Democratisation linked to youth’s say in national affairs



By Our Reporter


RAWALPINDI, March 30: Speakers at a seminar organised by the Student Action Committee (SAC) Rawalpindi/Islamabad vowed to hold the new government to its commitment to restore student unions and asserted that substantive democratisation of the state will take place only if and when the youth of the country, and particularly students, are mobilised to play their role within educational institutions as well as at the national level.

The seminar was held at the Rawalpindi-Islamabad Press Club and was attended by students from colleges and universities in the twin cities as well as a handful of political activists and lawyers, a press release said on Sunday.

Speaking on the occasion, Aasim Sajjad of the People’s Rights Movement (PRM) pointed out that students played a vital role in Pakistani politics until the 1980s when students unions were banned by Gen Ziaul Haq.

He said the establishment feared student unions because of their power to mobilise numbers for agitation, as happened in the student-led movement to topple Ayub Khan, adding that this was why it had to ban unions.

Speaking on the occasion, District Bar Association (DBA) Rawalpindi secretary Sajid Tanoli said the movement of lawyers that had rocked the establishment was incapable of fomenting substantive change in Pakistan on its own and required the support of a mobilised youth.

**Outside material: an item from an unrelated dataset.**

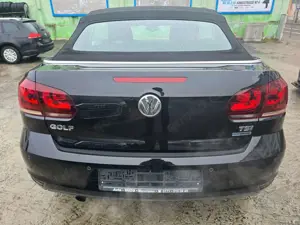 Volkswagen Golf VI Cabriolet Life 1,2 TSI BMT Bild 5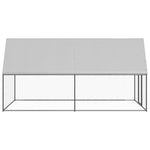 Galvanised Steel Chicken Cage 2x4x2m Outdoor | HomeAndLiving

He said the bar associations were the only grass-roots organisation which the establishment had been unable to undermine, and if students were able to reorganise themselves and act in unity as the bar associations did then it would be impossible to stop the wave of change.

Mr Tanoli said lawyers and students along with other democratic forces must make the newly-elected government accountable to the people. He urged students to play their role in this regard.

Speaking on the occasion, SAC convenor Alia Amirali said the students played the role of society’s conscience and in the aftermath of the November 3 emergency, students’ mobilisation seriously undermined the moral legitimacy of the regime.